Par courrier en date du 22 mars 2024, les parties ont été informées, en application de l'article R. 611-7 du code de justice administrative, de ce que la cour est susceptible de soulever d'office, dans l'instance n° 23LY03153, qu'il n'y a plus lieu à statuer sur les conclusions de M. A tendant à ce qu'il soit sursis à l'exécution du jugement attaqué, dès lors que la cour statue sur la requête n° 23LY03151 tendant à l'annulation de ce jugement.

M. A a été admis au bénéfice de l'aide juridictionnelle partielle par une décision du 18 octobre 2023.

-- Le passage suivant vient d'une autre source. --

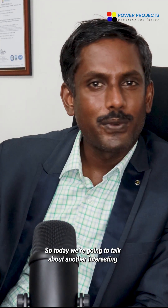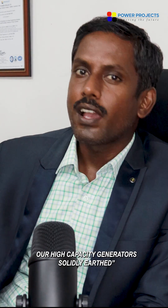Hi folks, welcome back to another tech talk. Today we are going to talk about an interesting question: shall we connect our high-capacity generators solidly grounded? The answer is no. The obvious question is why.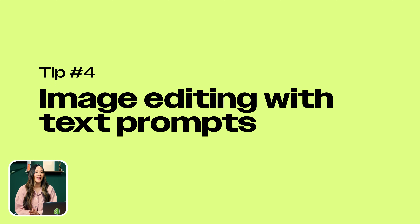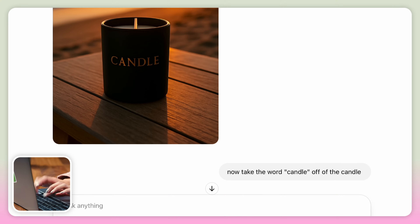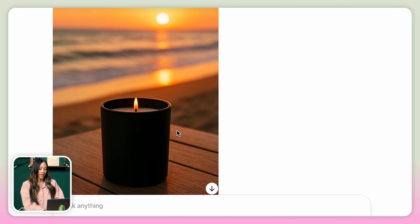Number four: image editing with text prompts. You can now edit your pictures directly within ChatGPT. Just upload your image and describe the changes you'd like in a text prompt. Here's an example: for the picture of the candle you created, take the word candle off of it, and now place it on a table on the beach. Need that one perfect shot for your product page or social media? Now you can adjust it on the fly without opening a single design tool. Just text and it's done.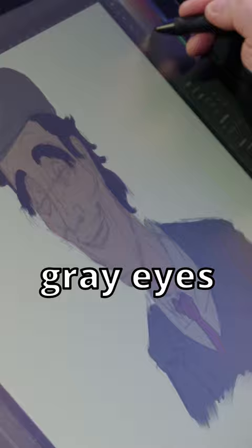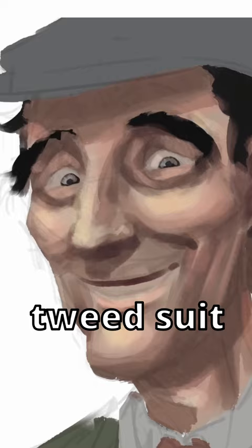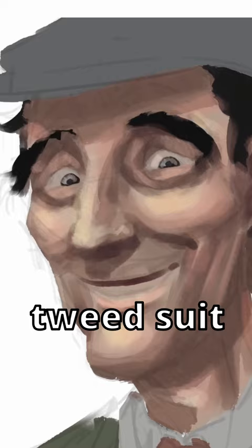Middle-aged man, gaunt and tall, black hair, grey eyes. Let's get more detailed. Thin, eager face with a cloth cap and a tweed suit and dark, bushy eyebrows.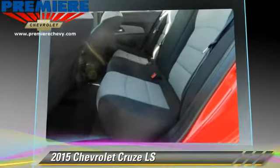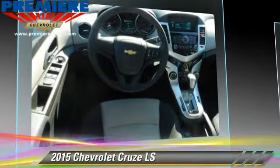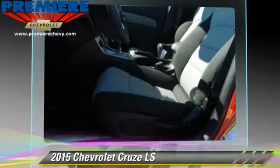Comfort and convenience features include air conditioning, power door locks, and satellite radio. Give us a call to schedule your test drive today.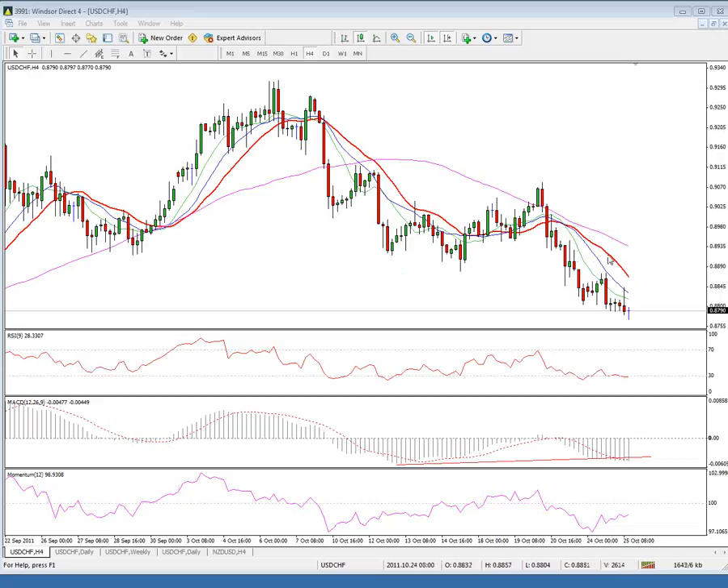The latest break below the 88 handle, which also marks the 23.6 Fibonacci retracement of the broader 70.67–93.13 upleg, keeps focus to the downside, with the 200-day moving average currently at 87.50 coming next.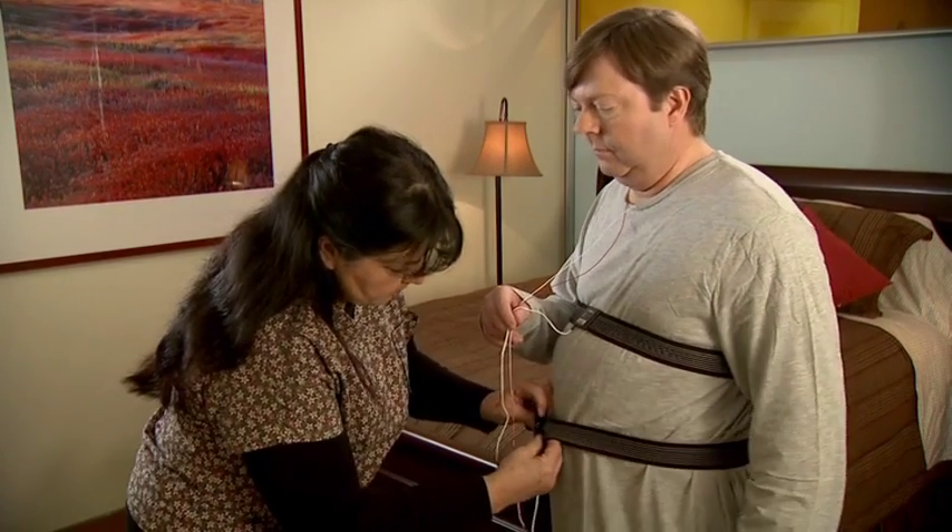The sleep study can be done at home or in a sleep lab. If your doctor recommends a home-based sleep test, you'll be given a portable monitor to take home to record information while you sleep. The sleep specialist will then use the results from this test to help diagnose whether or not you have sleep apnea, as well as how well some treatments for sleep apnea are working.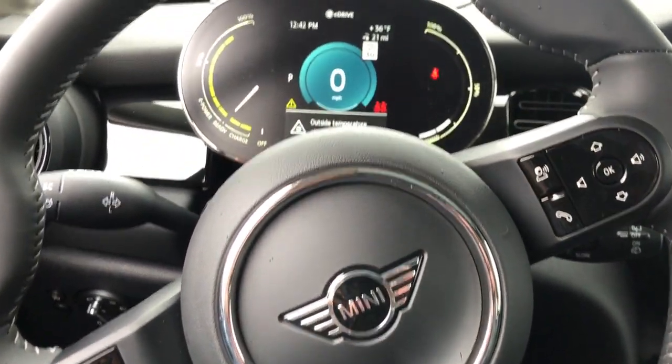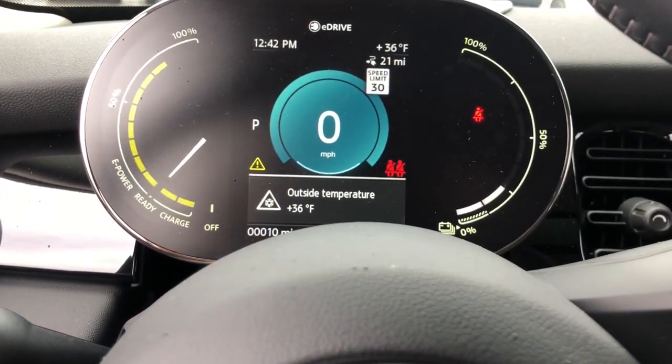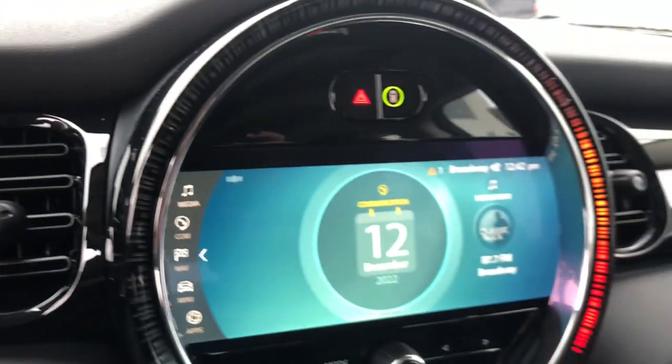Ignite your delight in this feisty Mini Cooper hardtop. Come in for a test drive — our team will make it the best part of your day.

Vu les autres pièces du dossier ;

Vu :

- la convention européenne de sauvegarde des droits de l'Homme et des libertés fondamentales ;

- le code de l'entrée et du séjour des étrangers et du droit d'asile ;

- la loi n° 91-647 du 10 juillet 1991 ;

- l'arrêté du 27 décembre 2016 relatif aux conditions d'établissement et de transmission des certificats médicaux, rapports médicaux et avis mentionnés aux articles R. 313-22, R. 313-23 et R. 511-1 du code de l'entrée et du séjour des étrangers et du droit d'asile ;

- le code de justice administrative ;

La présidente de la formation de jugement ayant dispensé le rapporteur public, sur sa proposition, de prononcer des conclusions à l'audience ;

Les parties ayant été régulièrement averties du jour de l'audience ;

Après avoir entendu au cours de l'audience publique le rapport de Mme Sophie Corvellec.

Considérant ce qui suit :

1. Par un jugement du 20 juillet 2023, le tribunal administratif de Lyon a rejeté la demande de M. A tendant à l'annulation des décisions du préfet du Rhône du 19 octobre 2022 refusant de lui délivrer une carte de séjour, lui faisant obligation de quitter le territoire français dans le délai de trente jours et fixant le pays de destination de cette mesure d'éloignement. Par deux requêtes distinctes, M. A relève appel de ce jugement et demande que son exécution soit suspendue.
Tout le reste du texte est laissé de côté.